## An R Companion for the Handbook of Biological Statistics

Salvatore S. Mangiafico

# Curvilinear Regression

When to use it

Null hypotheses

Assumptions

How the test works

Examples

Graphing the results

Similar tests

See the Handbook for information on these topics.

### How to do the test

This chapter will fit models to curvilinear data using three methods:  1) Polynomial regression;  2) B-spline regression with polynomial splines;  and 3) Nonlinear regression with the nls function.  In this example, each of these three will find essentially the same best-fit curve with very similar p-values and R-squared values.
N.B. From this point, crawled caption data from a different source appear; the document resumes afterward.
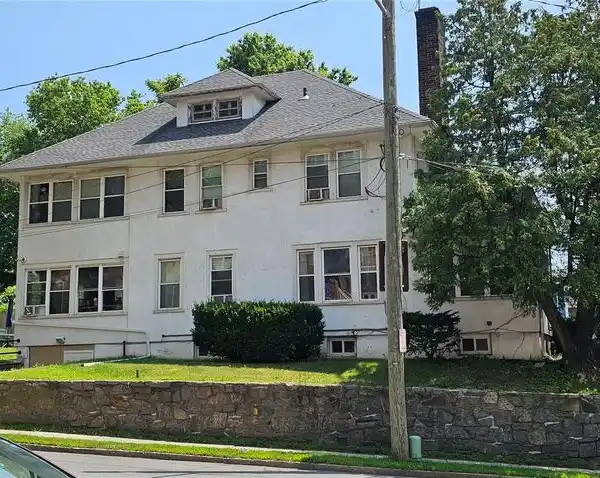 SPACIOUS HOME IN THE HEART OF DOWNTOWN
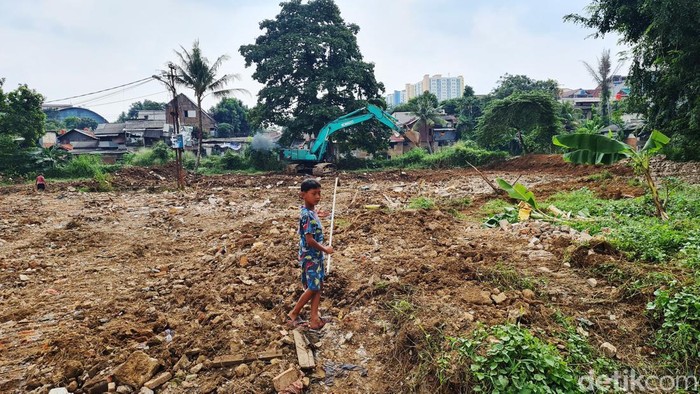 Anak-anak beraktivitas di lahan normalisasi kali ciliwung di RW 7, Rawajati, Jakarta Selatan, Selasa (30/4/2024). Pengerjaan fisik normalisasi Kali Ciliwung pun segera dilakukan.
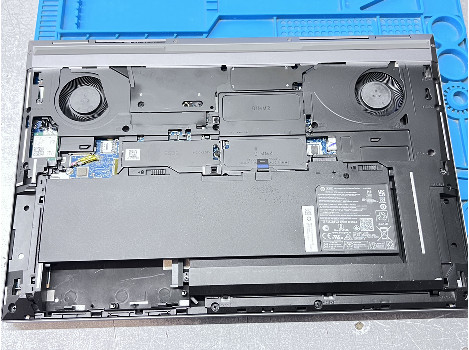 HP ZBook Fury 17 G8 17.3" i7-11850H 32GB 510GB клас А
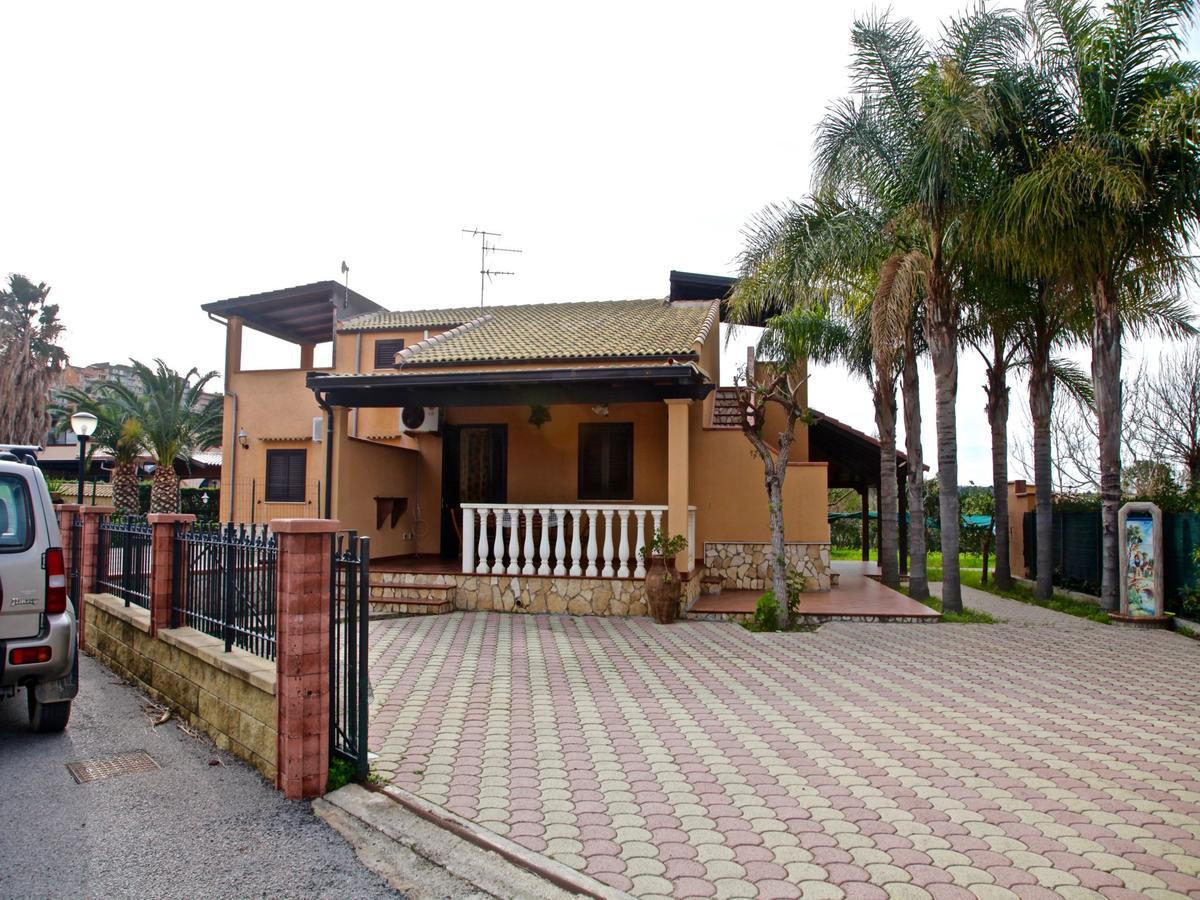 Villa Torre Roccella Campofelice Di Roccella Exterior foto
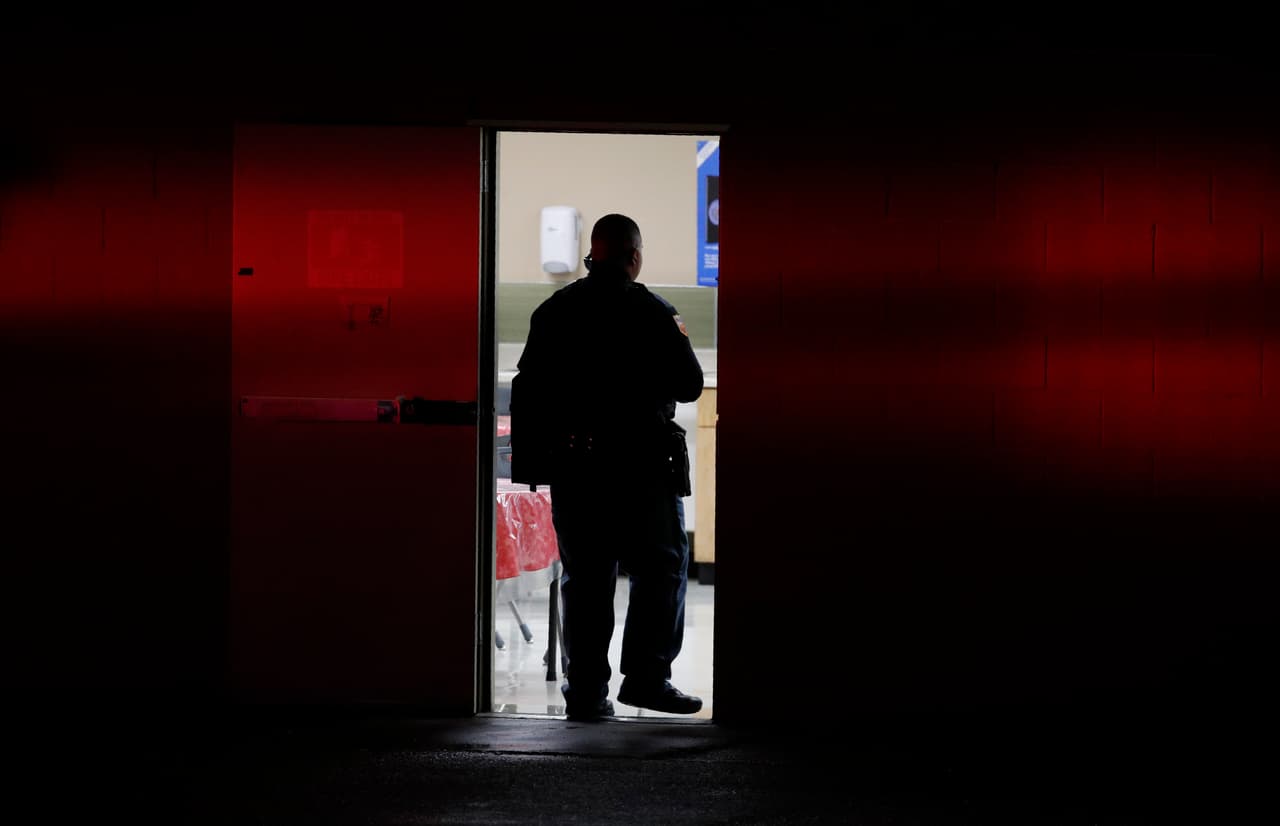 "Ha demostrado ser un pozo de odio": ¿Qué es 8chan y por qué lo relacionan al ataque contra latinos en El Paso?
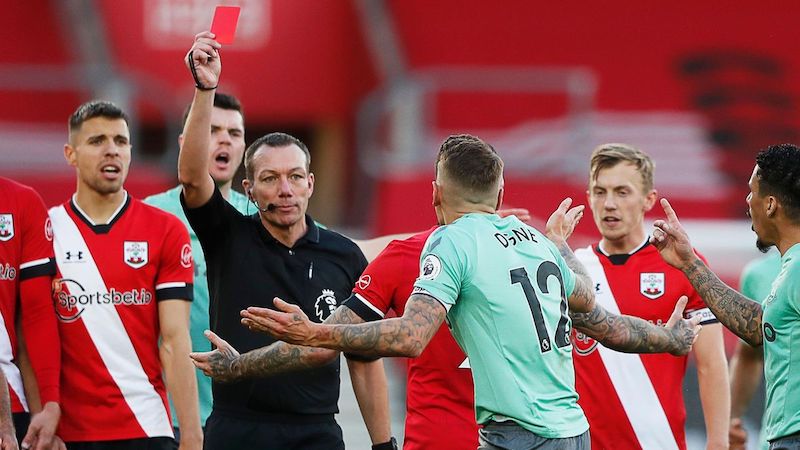 5 CLB nhận nhiều thẻ đỏ nhất lịch sử Premier League: Số 1 chuy&ecirc;n n&oacute;i về đ&aacute; đẹp - Ảnh 2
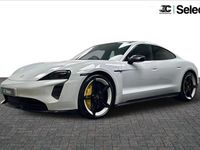 Begagnad Porsche Taycan 559 kW (761 HK) 2021 Vit Sedan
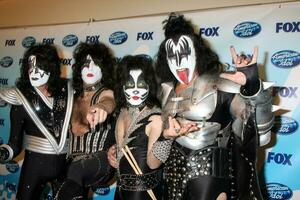 Kiss in the Press Room  at the Amerian Idol Season 8 Finale at the Nokia Theater in  Los Angeles CA on May 20 2009 2009 photo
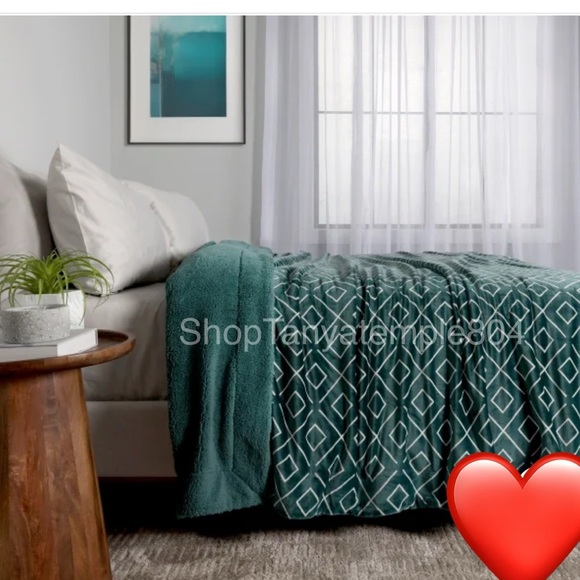Life Comfort Sherpa Fleece Blanket Queen Green & White - Picture 1 of 9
#### Polynomial regression

Polynomial regression is really just a special case of multiple regression, which is covered in the Multiple regression chapter.  In this example we will fit a few models, as the Handbook does, and then compare the models with the extra sum of squares test, the Akaike information criterion (AIC), and the adjusted R-squared as model fit criteria.

For a linear model (lm), the adjusted R-squared is included with the output of the summary(model) statement.  The AIC is produced with its own function call, AIC(model).  The extra sum of squares test is conducted with the anova function applied to two models.

For AIC, smaller is better.  For adjusted R-squared, larger is better.  A non-significant p-value for the extra sum of squares test comparing model a to model b indicates that the model with the extra terms does not significantly reduce the error sum of squares over the reduced model.  Which is to say, a non-significant p-value suggests the model with the additional terms is not better than the reduced model.

### --------------------------------------------------------------
### Polynomial regression, turtle carapace example
### pp. 220–221
### --------------------------------------------------------------

Input = ("
Length  Clutch
284      3
290      2
290      7
290      7
298     11
299     12
302     10
306      8
306      8
309      9
310     10
311     13
317      7
317      9
320      6
323     13
334      2
334      8
")

### Change Length from integer to numeric variable
###   otherwise, we will get an integer overflow error on big numbers

Data\$Length = as.numeric(Data\$Length)

### Create quadratic, cubic, quartic variables

library(dplyr)

Data =
mutate(Data,
Length2 = Length*Length,
Length3 = Length*Length*Length,
Length4 = Length*Length*Length*Length)

library(FSA)

Length Clutch Length2  Length3     Length4

1     284      3   80656 22906304  6505390336

2     290      2   84100 24389000  7072810000

3     290      7   84100 24389000  7072810000

16    323     13  104329 33698267 10884540241

17    334      2  111556 37259704 12444741136

18    334      8  111556 37259704 12444741136

##### Define the models to compare

model.1 = lm (Clutch ~ Length,                               data=Data)
model.2 = lm (Clutch ~ Length + Length2,                     data=Data)
model.3 = lm (Clutch ~ Length + Length2 + Length3,           data=Data)
model.4 = lm (Clutch ~ Length + Length2 + Length3 + Length4, data=Data)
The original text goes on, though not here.